**Input for this task:**

■ ■ ■ ■

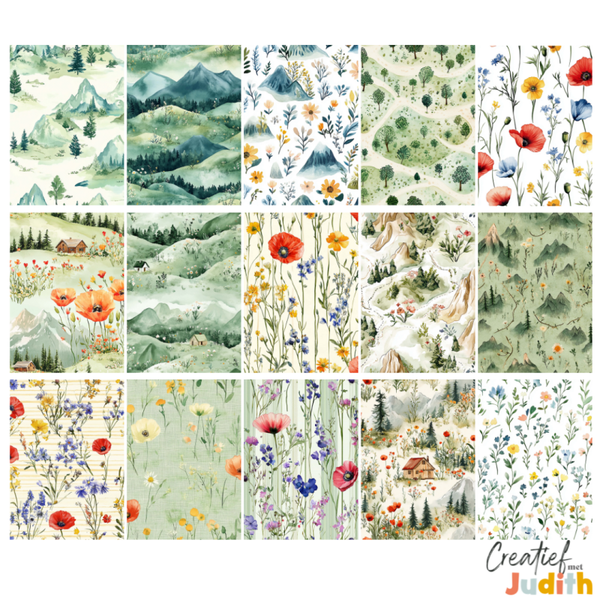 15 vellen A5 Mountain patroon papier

■ ■ ■ ■

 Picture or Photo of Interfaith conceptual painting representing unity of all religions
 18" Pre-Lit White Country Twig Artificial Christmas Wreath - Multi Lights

■ ■ ■ ■

**What the task requires:**
Given the records above, return exactly the lines starting at the line containing "Picture or Photo" and ending at the line containing "- Multi Lights", including both.

**Your solution:**
 Picture or Photo of Interfaith conceptual painting representing unity of all religions
 18" Pre-Lit White Country Twig Artificial Christmas Wreath - Multi Lights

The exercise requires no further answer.